Safe Kids recommends communities, coaches, parents and athletes adopt four key strategies to help reduce sports-related injuries:

* Get educated and then share your knowledge. Many parents and young athletes dealing with a sports injury say they wish they had known sooner about sports injury prevention resources. Anyone interested in staying at the top of their game can attend a Safe Kids sports clinic or go to to learn more.

* Teach children how to prevent injury, including staying hydrated, warming up with exercises and stretching, protecting injury-prone areas like pitching arms and knees, and getting plenty of rest between games and throughout the year.

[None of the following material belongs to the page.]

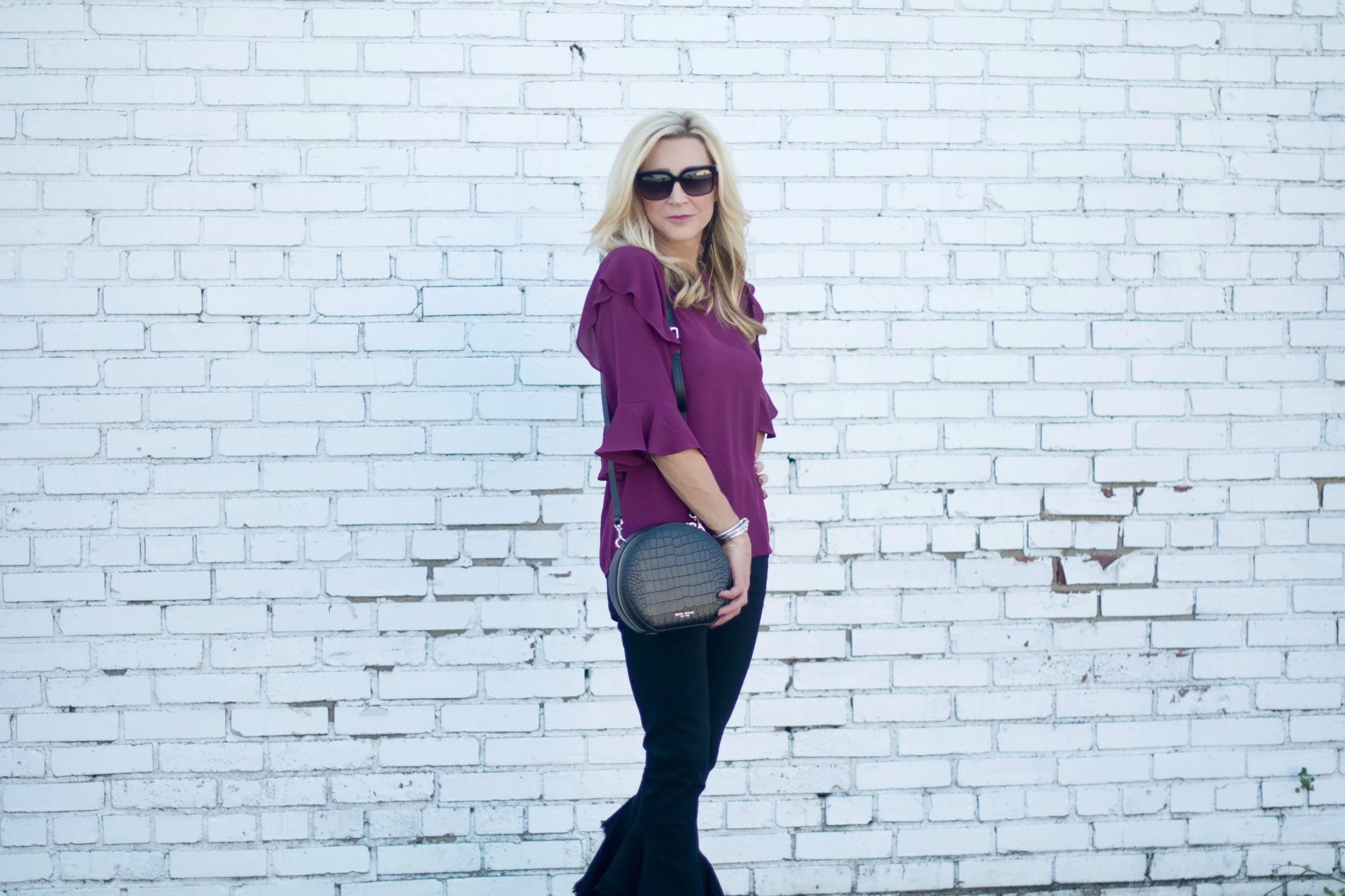 Citizens of Humanity Jeans - Fall Outfit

* Make sure kids know not to suffer in silence. Injured athletes may not report how they’re feeling because they’re worried they will let down their team, coach or parents if they ask to sit out a game or in practice. In reality, speaking up about an injury can help ensure the child suffers no serious, long-term effects – and can return to play sooner.

* Half of coaches who responded to a Safe Kids survey admitted they’d been pressured by a parent or athlete to keep an injured child in the game. Support coaches when they make injury-prevention decisions that protect the wellbeing of the athlete.

“Most states have laws to protect young athletes from injuries or repeat injuries,” Carr says, “but parents and coaches are the front line of protection for our kids. Working together, we can keep our kids active, healthy and safe so they can enjoy the sports they love for a lifetime.”